無題 岩神――「岩王帝君」がこの璃月にすべてをもたらした。璃月の人間であれば、信心深い者でなくとも誰だって知っていることだ。そう、港町を駆け回る、小さな子どもであっても。
この国を実質的にまとめあげる「璃月七星」の秘書である甘雨は、今日も変わらない一日を月海亭で過ごした。仕事も一段落し、甘雨は豊かな水色の髪を櫛でそっと梳く。それから鏡に映る自分と数秒見つめ合い、そのままの足で街の雑踏へ。
夜の街は昼間ほどの活気は無いが、それでも多くの人々が行き交う。その大半が岩神を「岩王帝君」と呼び、敬っている。この街が今の姿であり続けているのも、岩王帝君のお陰であると。当然、甘雨もそう考えている。
甘雨はゆっくりと歩いた。特にあては無い。夕餉も簡単にではあるが済ませているし、買わねばならないものも特に無い。無意味な散歩のように思えてしまうかもしれないが、このようなこれといって目的のない散歩が甘雨は好きだった。遠く、遠く、離れた昔から。理由は簡単だ、そういう時は思考の全てを岩王帝君へ向けることが出来るから。
どれだけ歩いただろうか、甘雨はふと足を止める。それから空を仰ぐ。璃月は大変に明るい街。星はさほどたくさん見つけられない。だが、それでも美しく甘雨の目には映る。それはきっと岩神が愛した地だからなのだと彼女は考える。璃月にすべてをもたらしたのが岩王帝君であるのなら、あらゆるものは彼に結び付けられる。
「帝君……」
ぽつりと落ちる声はやや掠れ気味だ。甘雨が人間たちに混じって生きるようになって、長い時が流れている。それでも彼女の身体に流れている仙人としての血はその色を保ったまま。それもすべてが岩王帝君に繋がる糸。
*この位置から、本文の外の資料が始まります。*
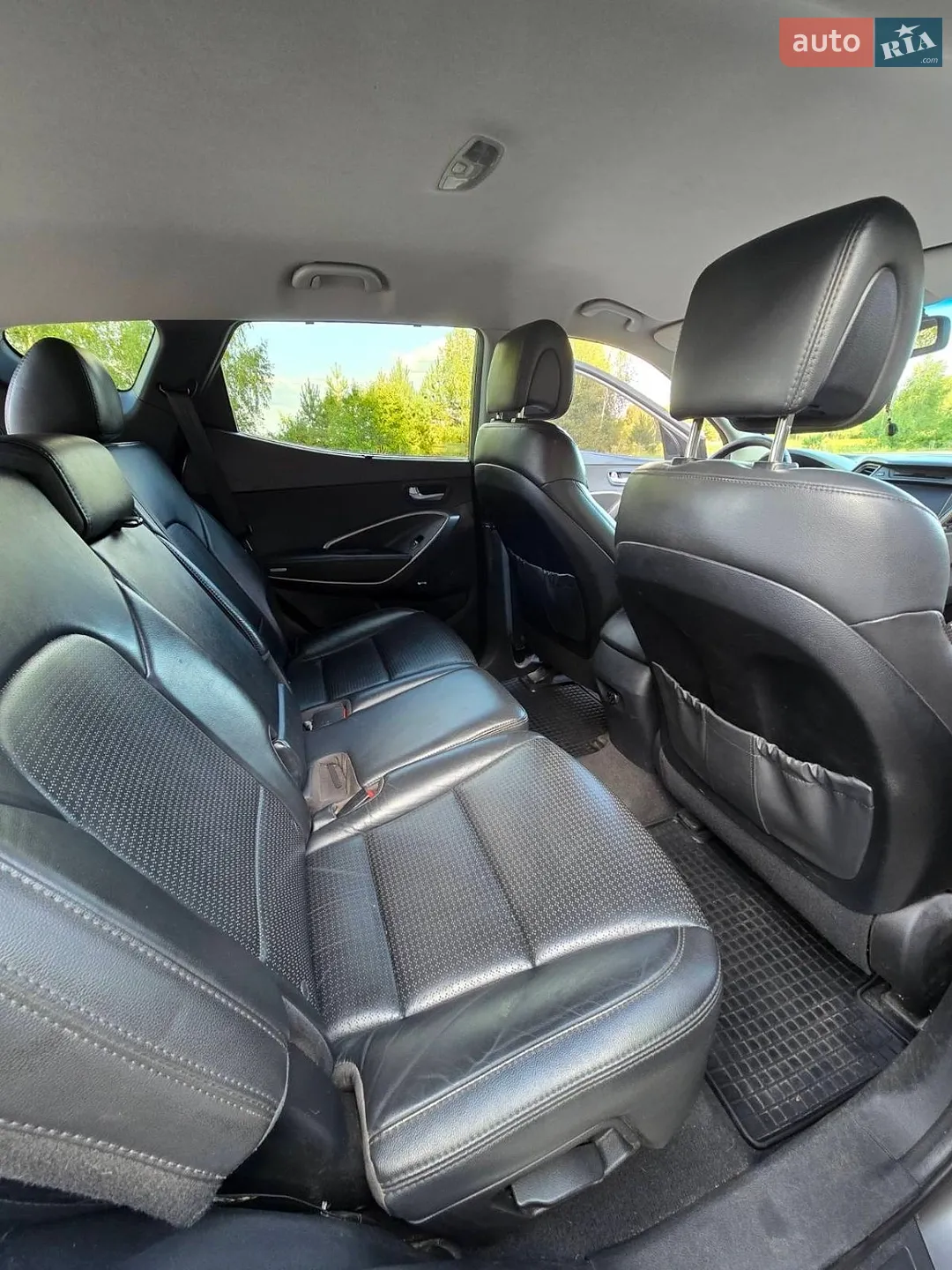 2014 Hyundai Santa Fe - мініатюра 15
運命などは知らない。だが、それが神の手で傾けられる天秤であるなら、甘雨はどんなに冷たい運命でも、拒まないと固く誓っている。星が落ちようとも、海が割れようとも、大地が嘆こうとも、甘雨の信仰は奪われない。甘雨は言う、岩王帝君の決定、それこそが自らの決定であると。世界は彼の手でからからと廻り続けていると、彼女は考えているのだ。彼の織り成す糸がどんな色をしているのかなどは関係無いのだ。
――やがて今日という日は沈み、明日が来る。甘雨はその度に祈る。岩王帝君へ、幾千、幾万、幾億と紡ぎ続ける時の中。